Dalam kesepakatan ini, mencakup proses penurunan tarif dalam tiga kategori : Early Harvest Program (EHP), Jalur Normal, dan Jalur Sensitif. Jalur Sensitif kemudian dibagi lagi menjadi dua yaitu Sensitif dan Sangat Sensitif.

Kerja sama ekonomi ini semakin diperkuat dengan Treaty Amity and Cooperation (TAC) pada tahun 2003. Dengan demikian, hubungan kedua belah pihak semakin lancar dan aman.

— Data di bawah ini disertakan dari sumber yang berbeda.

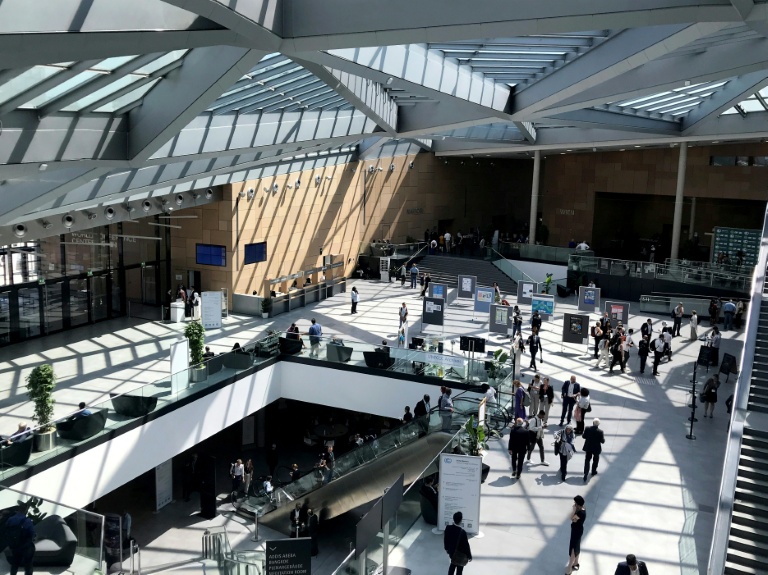 Nations allege 'attacks' on science at key climate talks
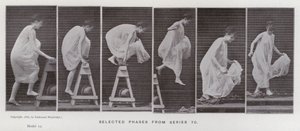 動きのある人間像シリーズ70からの選択段階（モノクロ写真 作： Eadweard Muybridge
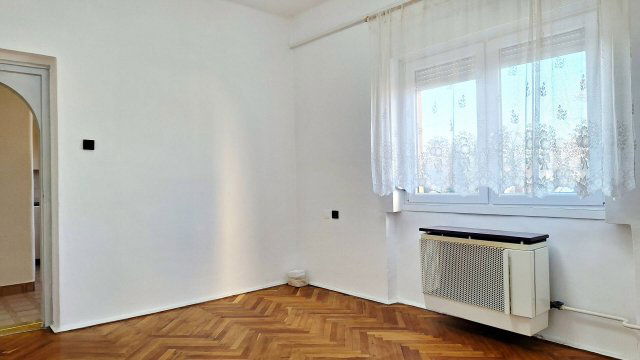 Eladó téglalakás, Marcaliban 35 M Ft, 2 szobás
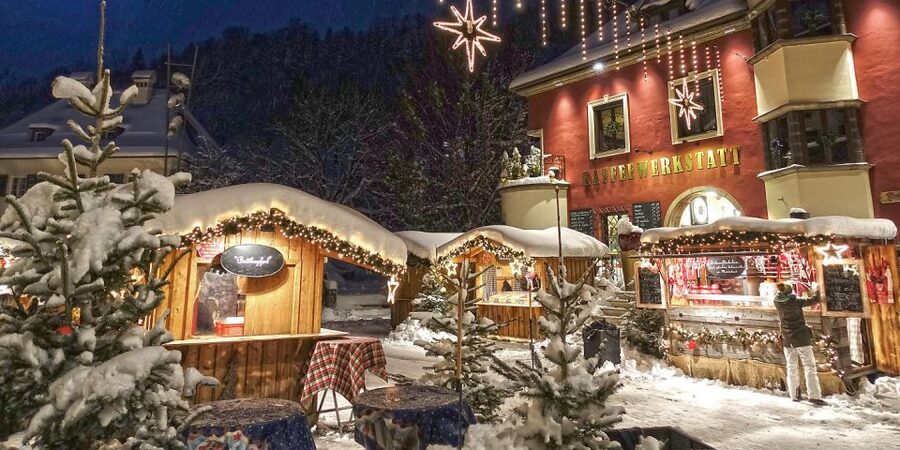 From Salzburg Romantic Carriage Ride through the Countryside - What to pack: warm clothing is the real ticket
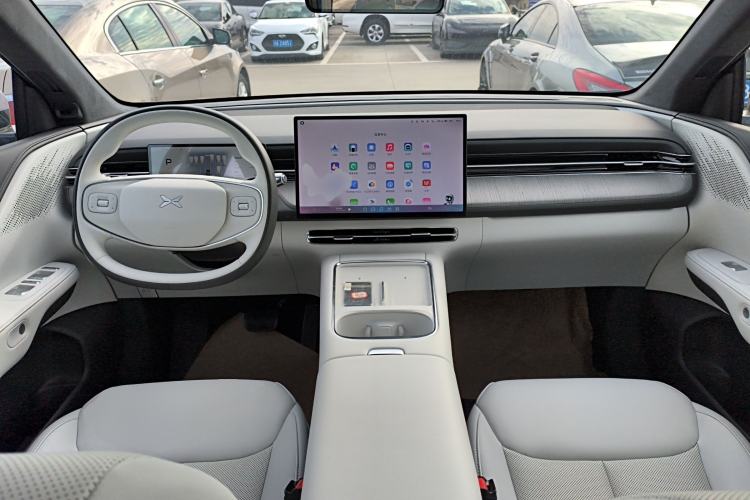 Used XPeng G6 2025 625 Long-Range Max Flagship Edition Center Console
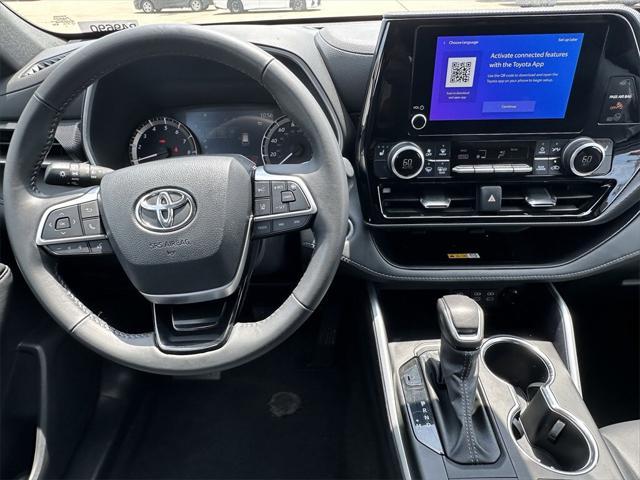 used 2024 Toyota Highlander car, priced at $41,955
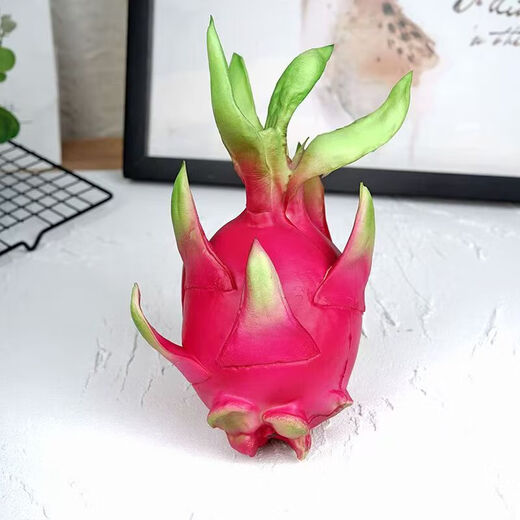 Dragon fruit seeds are easy to grow in the courtyard and balcony, indoor and outdoor potted plants for home planting of four seasons vegetables and fruits. Dragon fruit seeds, five packs, about 300 capsules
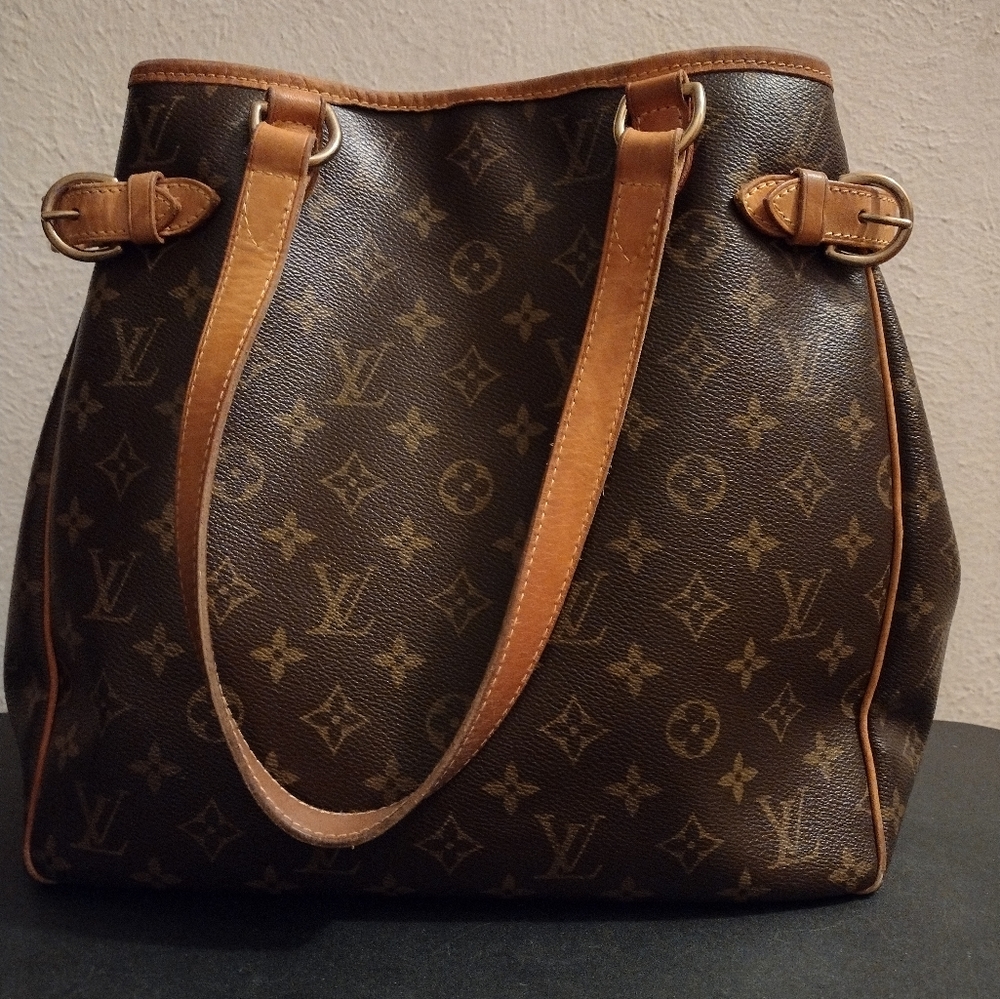 Louis Vuitton Batignolles Vertical
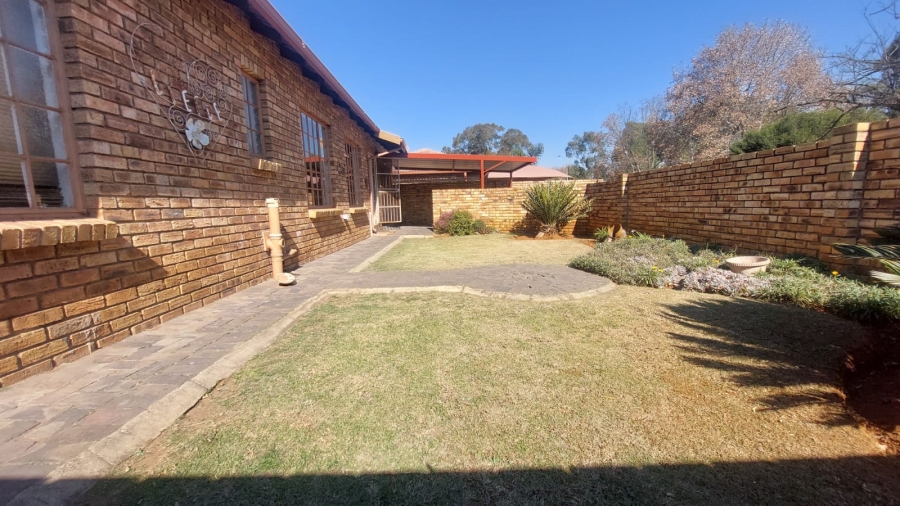 2 Bedroom Property for Sale in Robinpark Gauteng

Namun masih terdapat masalah-masalah yang belum diselesaikan. Menurut Alexander C. Chandra, potensi masalah yang harus diperhatikan adalah pertama, ASEAN dan Cina cenderung terlalu menekankan keuntungan jangka panjang tanpa memperhatikan dampak ekonomi jangka pendek. Kedua, kebaikan Cina untuk memberikan liberalisasi unilateral di bawah skema EHP terdengar terlalu muluk. Ketiga, indonesia dan ASEAN perlu memberikan perhatian lebih terhadap tantangan yang muncul dari Cina di bidang penanaman modal. Saat ini, negara-negara ASEAN semakin tertinggal dalam urusan penanaman modal dari negara Asia lainnya. Keempat, Indonesia juga perlu memperhatikan sejauh mana kemampuan kita untuk memasuki pasar Cina. Kelima, data yang tidak akurat dari pihak Cina mempersulit pembuat kebijakan ASEAN pada umumnya dan Indonesia pada khususnya untuk membuat kebijakan yang tepat. Keenam, CAFTA tentunya memiliki potensi untuk memperlemah proses integrasi ASEAN. (Merangkul Cina, 2009)

Pada akhirnya, Indonesia dan ASEAN harus memikirkan dan menemukan solusi untuk masalah-masalah tersebut. Bila mau untung, bukan buntung.